Après, tout le village, El Sahl, et ses environs près d’Ennabek, ont été libérés de la mainmise du régime, cela entre 2012 et 2014. Cette année-là, les miliciens du Hezbollah libanais sont arrivés dans la région, ils ont bombardé pendant un mois. Ce village de 10.000 habitants au départ a été quasiment rasé. Ma famille a dû quitter les lieux. Ma mère est réfugiée dans un camp à Ersal, au Liban (mon père est décédé depuis vingt ans). Au début, elle était avec mes deux sœurs, Assalia et Nada, mais comme mes autres frères ont été arrêtés, elles sont retournées en Syrie pour s’occuper des enfants. L’un de mes frères arrêtés, Mahmoud, était avec l’ASL. On croit qu’il est mort(1). Le troisième frère, Zakaria, est mort torturé à l’hôpital militaire 601 à Damas, je l’ai vu dans des vidéos montrant les traitements réservés aux prisonniers là-bas, c’est terrible. On n’a pas de nouvelles mais il est sans doute décédé également. Enfin, mon petit frère Ali, qui avait rejoint l’ASL, a lui aussi été tué par le Hezbollah dans les montagnes du Qalamoun. J’ai donc perdu quatre frères depuis le début de la révolution. J’ai encore trois frères. Naëf vit en Ukraine depuis très longtemps, Ahmed et Joum’a, deux juristes, vivent dans des camps de réfugiés à Ersal. Joum’a a combattu avec l’ASL jusqu’à ce que le manque de moyens financiers et d’armement l’a décidé à chercher refuge au Liban, fin 2014. Lui, c’est un débrouillard, au départ il avait une agence immobilière. Il saurait vendre de l’air. Il trouve des petits boulots à gauche et à droite. Mais c’est difficile pour eux, officiellement ils n’ont pas le droit de travailler, ils sont en situation irrégulière. 

(…)

A vous suivre sur les réseaux sociaux, on voit vos indignations, pouvez-vous les résumer ? 

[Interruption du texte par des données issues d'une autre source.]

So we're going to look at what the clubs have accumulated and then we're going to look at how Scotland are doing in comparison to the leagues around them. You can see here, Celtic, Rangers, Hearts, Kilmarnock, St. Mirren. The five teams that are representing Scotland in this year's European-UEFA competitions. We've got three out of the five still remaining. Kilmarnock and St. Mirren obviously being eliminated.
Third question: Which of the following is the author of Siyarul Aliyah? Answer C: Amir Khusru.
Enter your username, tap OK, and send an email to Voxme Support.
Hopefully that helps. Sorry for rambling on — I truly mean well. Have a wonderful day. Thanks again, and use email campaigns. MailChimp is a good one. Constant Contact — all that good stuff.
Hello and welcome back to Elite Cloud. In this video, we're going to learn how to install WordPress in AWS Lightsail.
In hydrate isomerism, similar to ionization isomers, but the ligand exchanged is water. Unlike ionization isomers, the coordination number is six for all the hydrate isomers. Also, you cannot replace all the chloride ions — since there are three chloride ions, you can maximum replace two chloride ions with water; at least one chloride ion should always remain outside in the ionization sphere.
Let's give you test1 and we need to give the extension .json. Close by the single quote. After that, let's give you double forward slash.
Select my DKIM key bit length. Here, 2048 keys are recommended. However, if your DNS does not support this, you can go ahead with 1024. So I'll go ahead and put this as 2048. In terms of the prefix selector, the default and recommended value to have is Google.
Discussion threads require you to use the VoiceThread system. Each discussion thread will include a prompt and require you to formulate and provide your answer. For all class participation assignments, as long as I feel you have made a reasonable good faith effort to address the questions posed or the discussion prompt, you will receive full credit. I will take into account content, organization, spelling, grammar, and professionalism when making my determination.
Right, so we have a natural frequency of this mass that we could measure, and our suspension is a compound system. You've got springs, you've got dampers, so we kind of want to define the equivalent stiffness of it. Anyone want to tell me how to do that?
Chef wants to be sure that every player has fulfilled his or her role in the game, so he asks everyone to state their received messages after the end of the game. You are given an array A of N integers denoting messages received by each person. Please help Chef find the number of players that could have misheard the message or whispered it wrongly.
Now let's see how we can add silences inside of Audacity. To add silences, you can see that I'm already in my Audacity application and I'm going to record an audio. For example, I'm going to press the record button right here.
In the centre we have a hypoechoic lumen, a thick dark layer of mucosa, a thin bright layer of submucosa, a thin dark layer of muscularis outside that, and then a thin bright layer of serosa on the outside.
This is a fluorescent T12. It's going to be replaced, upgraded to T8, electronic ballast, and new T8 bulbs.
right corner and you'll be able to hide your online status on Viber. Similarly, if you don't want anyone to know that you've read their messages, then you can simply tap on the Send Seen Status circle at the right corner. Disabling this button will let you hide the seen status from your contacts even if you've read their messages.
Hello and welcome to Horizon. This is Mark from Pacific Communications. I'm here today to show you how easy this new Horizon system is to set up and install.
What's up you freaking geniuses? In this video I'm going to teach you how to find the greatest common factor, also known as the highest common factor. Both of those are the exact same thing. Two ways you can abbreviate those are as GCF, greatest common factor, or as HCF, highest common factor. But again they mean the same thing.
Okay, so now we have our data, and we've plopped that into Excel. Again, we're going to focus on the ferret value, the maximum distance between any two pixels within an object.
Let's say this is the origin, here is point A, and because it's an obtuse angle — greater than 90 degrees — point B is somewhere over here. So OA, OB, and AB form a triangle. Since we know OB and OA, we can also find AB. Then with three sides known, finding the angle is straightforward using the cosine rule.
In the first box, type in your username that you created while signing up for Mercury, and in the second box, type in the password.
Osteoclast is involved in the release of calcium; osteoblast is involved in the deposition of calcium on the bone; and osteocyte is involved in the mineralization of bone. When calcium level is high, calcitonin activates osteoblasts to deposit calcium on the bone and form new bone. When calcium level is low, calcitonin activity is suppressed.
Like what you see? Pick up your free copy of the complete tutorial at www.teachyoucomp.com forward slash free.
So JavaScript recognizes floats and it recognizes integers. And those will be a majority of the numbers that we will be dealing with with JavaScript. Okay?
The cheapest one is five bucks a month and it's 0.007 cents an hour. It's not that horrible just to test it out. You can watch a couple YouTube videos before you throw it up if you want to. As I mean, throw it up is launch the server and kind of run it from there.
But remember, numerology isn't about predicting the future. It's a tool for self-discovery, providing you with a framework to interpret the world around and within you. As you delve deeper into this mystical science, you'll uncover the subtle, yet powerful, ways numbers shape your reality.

En Europe, les médias, souvent, répètent la propagande du régime syrien. Et j’observe une indifférence des sociétés civiles par rapport aux Syriens. On reconnaît qu’il y a eu une révolution en Egypte, en Tunisie, au Yémen, en Libye, mais pas en Syrie ! C’est un manque de respect par rapport aux sacrifices consentis par les Syriens. On ignore ces sacrifices pour ne parler que de Daesh et de ses dangers ! Les Syriens sont devenus des chiffres abstraits, tel nombre de réfugiés, d’immigrants, on ne voit pas toutes ces vies détruites par Assad puis plus tard aussi par Daesh. On ne parle que du monstre menaçant Daesh et on se fiche des massacres bien plus importants commis par le régime car on pense qu’il ne nous menace pas. Cela fait mal, car pour moi, l’Europe, c’est le paradis des droits de l’homme sur Terre. Cela m’a toujours révolté. Surtout quand je lis ou entends ces journalistes qui vont en Syrie répondant à des invitations côté régime et ne retiennent que la propagande sur les minorités menacées sans mentionner la majorité massacrée. 

  1. En juin 2024, la famille Hakoum a appris que Mahmoud avait été assassiné le jour même de son arrestation par les corps de répression de la dictature.

Yahia Hakoum au cours d’une manifestation de solidarité avec la résistance du peuple ukrainien (Bruxelles, février 2023).